INFORMATION PROVIDED:

══════════════════════════════

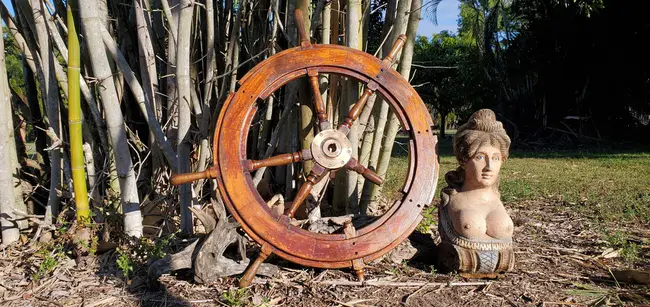 Antique Ship Wheel : 仿古船轮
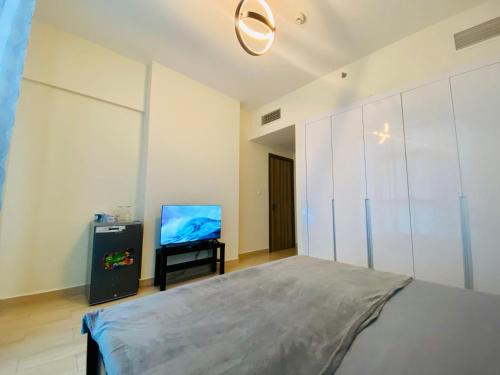 Executive Master Bedroom In Shared Apartment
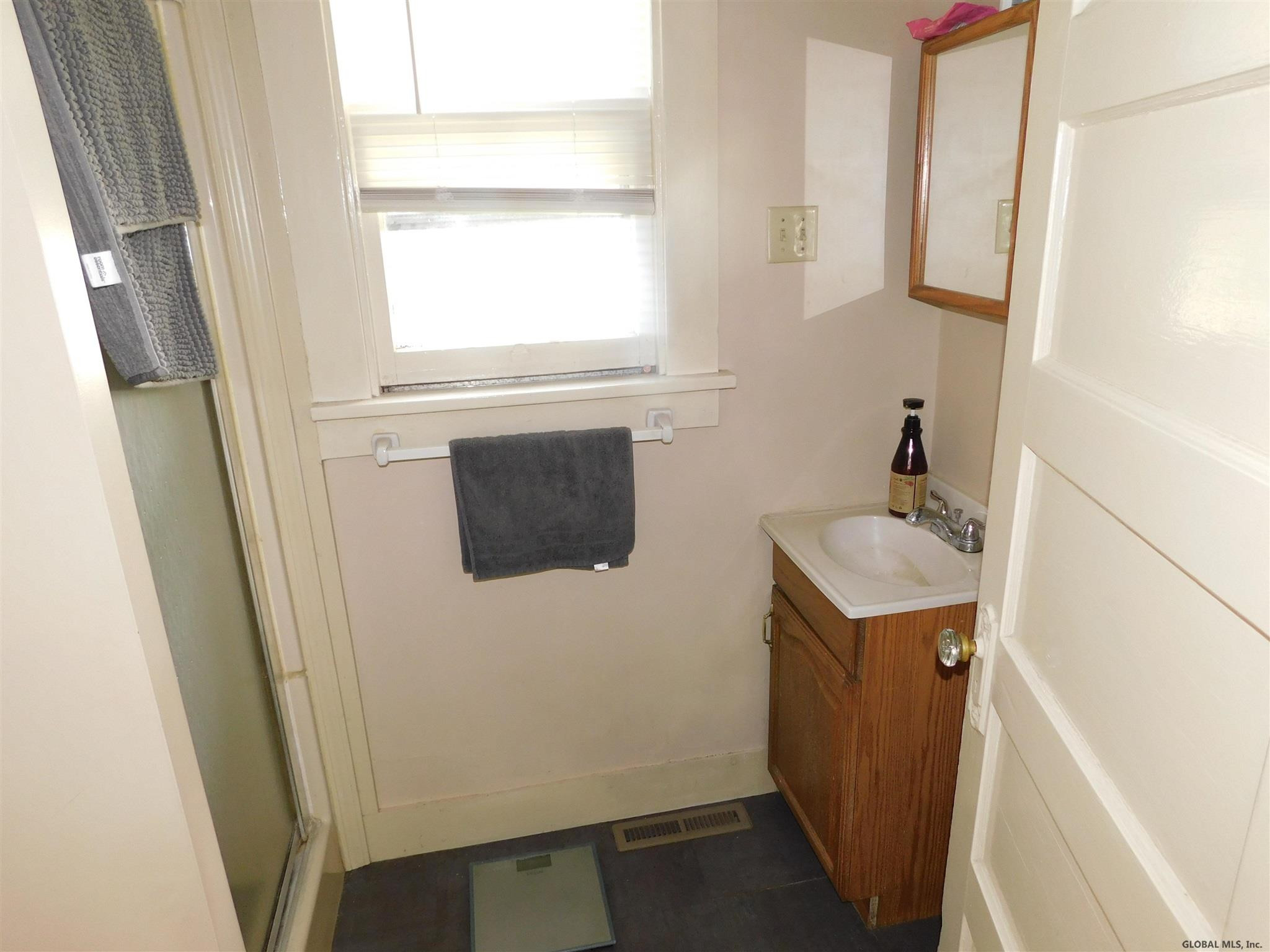 1004 Curry Road Rotterdam, NY 12306 - Photo 19 of 28 Photo 20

══════════════════════════════

TRY IT: The data above must be given again in full and unaltered, minus its images.

TASK ANSWER:
 Antique Ship Wheel : 仿古船轮
 Executive Master Bedroom In Shared Apartment
 1004 Curry Road Rotterdam, NY 12306 - Photo 19 of 28 Photo 20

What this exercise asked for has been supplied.